In the initialization sensitivity test, less convection was produced when GFS data were used, but the convective modes primarily remained the same. IC initiated and grew to NS later in the evolution without becoming a BE. Convective initiation was later in the GFS-initialized run compared to that using NAM (2200 UTC versus 2030 UTC), and the transition to NS occurred at 1000 UTC 27 May compared to 0600 UTC for the NAM-initialized run. No NL event was observed with the GFS-initialized run, possibly due to the late transition to NS. The GFS-initialized simulation featured much less frontogenetical forcing with the warm front and ongoing convection compared to the NAM-initialized run and the RUC analyses, in addition to smaller precipitable water values in the foothills of the Rocky Mountains.
The present study investigated simulated convective morphologies and evolution for 37 warm season events. The classifications used to designate the convective modes for the events included three cellular, five linear, and a nonlinear mode used by Gallus et al. (2008) in addition to a mixed-complex mode added for the present study. Overall, the model produced more cellular modes than were observed, specifically CC, and too few linear modes, especially BE and TS.

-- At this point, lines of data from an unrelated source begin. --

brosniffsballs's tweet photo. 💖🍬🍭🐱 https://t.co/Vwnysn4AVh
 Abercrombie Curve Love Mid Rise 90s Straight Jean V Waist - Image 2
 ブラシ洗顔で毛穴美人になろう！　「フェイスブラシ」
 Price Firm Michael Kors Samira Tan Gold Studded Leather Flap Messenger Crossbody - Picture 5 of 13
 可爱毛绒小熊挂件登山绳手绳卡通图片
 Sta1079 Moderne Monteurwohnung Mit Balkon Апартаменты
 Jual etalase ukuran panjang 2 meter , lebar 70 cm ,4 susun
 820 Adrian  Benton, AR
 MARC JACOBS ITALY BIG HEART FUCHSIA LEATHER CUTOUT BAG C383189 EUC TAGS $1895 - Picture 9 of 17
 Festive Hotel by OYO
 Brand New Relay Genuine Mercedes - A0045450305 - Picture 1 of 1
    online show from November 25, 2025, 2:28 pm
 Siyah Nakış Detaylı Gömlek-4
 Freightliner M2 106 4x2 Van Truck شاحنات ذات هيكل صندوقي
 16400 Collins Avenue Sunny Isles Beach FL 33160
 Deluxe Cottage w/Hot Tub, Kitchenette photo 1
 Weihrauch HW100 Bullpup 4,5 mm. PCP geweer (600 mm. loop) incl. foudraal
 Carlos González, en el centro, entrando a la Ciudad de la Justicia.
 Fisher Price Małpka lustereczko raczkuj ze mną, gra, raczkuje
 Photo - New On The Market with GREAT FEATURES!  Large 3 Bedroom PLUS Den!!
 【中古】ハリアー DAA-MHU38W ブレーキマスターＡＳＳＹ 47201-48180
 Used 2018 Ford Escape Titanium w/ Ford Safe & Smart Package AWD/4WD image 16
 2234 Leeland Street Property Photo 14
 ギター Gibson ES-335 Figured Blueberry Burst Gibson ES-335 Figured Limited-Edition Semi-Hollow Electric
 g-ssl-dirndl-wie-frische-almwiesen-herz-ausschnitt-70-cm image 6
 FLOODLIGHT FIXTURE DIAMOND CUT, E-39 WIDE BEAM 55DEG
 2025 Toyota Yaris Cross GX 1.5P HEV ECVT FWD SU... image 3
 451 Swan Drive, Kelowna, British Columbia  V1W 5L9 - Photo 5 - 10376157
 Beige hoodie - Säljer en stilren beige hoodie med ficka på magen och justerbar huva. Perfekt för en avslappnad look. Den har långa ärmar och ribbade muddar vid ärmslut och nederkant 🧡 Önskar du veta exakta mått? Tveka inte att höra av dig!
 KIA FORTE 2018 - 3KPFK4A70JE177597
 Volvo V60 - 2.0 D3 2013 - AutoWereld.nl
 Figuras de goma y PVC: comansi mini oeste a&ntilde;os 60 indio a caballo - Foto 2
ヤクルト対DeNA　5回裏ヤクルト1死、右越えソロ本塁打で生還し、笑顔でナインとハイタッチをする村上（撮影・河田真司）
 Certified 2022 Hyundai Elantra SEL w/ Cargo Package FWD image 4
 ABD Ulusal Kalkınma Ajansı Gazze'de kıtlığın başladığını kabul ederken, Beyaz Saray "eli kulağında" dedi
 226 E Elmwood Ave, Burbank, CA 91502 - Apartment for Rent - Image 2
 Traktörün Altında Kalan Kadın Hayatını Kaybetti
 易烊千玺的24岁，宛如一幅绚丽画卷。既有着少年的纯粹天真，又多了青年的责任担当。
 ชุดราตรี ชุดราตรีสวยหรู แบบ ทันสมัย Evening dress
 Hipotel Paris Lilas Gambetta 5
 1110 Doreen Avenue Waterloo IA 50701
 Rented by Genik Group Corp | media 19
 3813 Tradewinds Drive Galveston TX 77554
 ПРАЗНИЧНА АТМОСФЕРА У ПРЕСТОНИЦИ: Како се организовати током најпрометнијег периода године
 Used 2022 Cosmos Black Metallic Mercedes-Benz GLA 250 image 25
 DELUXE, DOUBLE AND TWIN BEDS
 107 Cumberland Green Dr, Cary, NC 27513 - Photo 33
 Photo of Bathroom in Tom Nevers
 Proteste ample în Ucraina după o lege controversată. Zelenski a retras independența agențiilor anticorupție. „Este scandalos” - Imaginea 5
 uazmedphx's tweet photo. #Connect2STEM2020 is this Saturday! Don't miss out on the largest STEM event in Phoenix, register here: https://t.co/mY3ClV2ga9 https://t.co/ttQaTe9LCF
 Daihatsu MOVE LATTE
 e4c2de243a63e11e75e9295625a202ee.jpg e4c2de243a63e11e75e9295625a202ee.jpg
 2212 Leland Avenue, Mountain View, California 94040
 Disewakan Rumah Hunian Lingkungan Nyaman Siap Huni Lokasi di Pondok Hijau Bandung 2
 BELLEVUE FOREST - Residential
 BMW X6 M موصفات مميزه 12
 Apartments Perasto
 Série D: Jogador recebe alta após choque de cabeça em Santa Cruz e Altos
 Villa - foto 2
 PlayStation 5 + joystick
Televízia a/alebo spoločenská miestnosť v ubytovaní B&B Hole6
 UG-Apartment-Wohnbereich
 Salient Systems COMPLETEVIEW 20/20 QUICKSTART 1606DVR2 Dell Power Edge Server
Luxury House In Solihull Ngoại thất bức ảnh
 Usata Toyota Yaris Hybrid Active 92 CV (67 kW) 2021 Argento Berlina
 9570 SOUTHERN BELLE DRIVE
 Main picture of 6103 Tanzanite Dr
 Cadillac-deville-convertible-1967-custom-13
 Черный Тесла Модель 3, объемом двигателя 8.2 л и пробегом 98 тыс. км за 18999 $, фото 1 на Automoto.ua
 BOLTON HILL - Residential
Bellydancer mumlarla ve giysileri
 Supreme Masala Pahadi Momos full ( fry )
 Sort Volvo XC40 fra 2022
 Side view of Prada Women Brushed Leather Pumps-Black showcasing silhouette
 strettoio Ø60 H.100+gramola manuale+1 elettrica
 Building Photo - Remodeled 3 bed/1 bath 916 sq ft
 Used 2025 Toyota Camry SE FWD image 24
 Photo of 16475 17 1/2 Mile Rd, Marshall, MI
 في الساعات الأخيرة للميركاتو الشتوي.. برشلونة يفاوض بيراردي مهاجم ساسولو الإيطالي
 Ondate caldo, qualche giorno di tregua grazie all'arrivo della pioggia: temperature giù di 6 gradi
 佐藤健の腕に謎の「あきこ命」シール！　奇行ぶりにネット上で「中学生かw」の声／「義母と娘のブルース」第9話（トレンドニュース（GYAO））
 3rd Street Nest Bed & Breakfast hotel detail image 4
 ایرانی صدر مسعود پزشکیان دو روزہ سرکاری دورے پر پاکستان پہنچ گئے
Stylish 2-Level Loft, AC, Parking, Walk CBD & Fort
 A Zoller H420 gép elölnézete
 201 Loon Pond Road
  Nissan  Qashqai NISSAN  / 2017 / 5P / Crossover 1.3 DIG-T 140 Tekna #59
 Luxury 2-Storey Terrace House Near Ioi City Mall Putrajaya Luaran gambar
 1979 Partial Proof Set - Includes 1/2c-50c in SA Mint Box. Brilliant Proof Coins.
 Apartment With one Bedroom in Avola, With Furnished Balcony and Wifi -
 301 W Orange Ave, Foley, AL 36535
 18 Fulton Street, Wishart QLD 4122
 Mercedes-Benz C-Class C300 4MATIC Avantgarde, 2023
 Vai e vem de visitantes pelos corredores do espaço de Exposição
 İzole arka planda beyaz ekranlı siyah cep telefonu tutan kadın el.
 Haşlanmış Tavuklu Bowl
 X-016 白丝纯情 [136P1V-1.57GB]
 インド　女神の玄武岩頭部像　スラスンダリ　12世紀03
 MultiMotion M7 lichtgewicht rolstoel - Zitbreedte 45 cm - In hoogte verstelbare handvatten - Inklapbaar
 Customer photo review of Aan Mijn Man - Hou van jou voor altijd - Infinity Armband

A method using normalized time scales was devised to gauge the model’s accuracy in predicting convective mode with respect to radar observations. A “match” occurred if the simulated mode was the same as the observed mode at the same normalized time in the evolution, or if the two modes were in the same classification group. Of the 185 mode comparisons made, 58 were correct matches, and 104 were group matches. The model was least accurate in matching observed BE and TS events, and most accurate matching cellular modes. The total time in the event’s evolution in which a match was observed defined the event score. The average accuracy score for the 37 cases was 0.49, with 15 cases scoring at least 0.50. The model was also penalized if convective initiation or dissipation occurred more than 3 h different from that observed. Nine cases violated the timing criterion, and their average accuracy score was 0.32.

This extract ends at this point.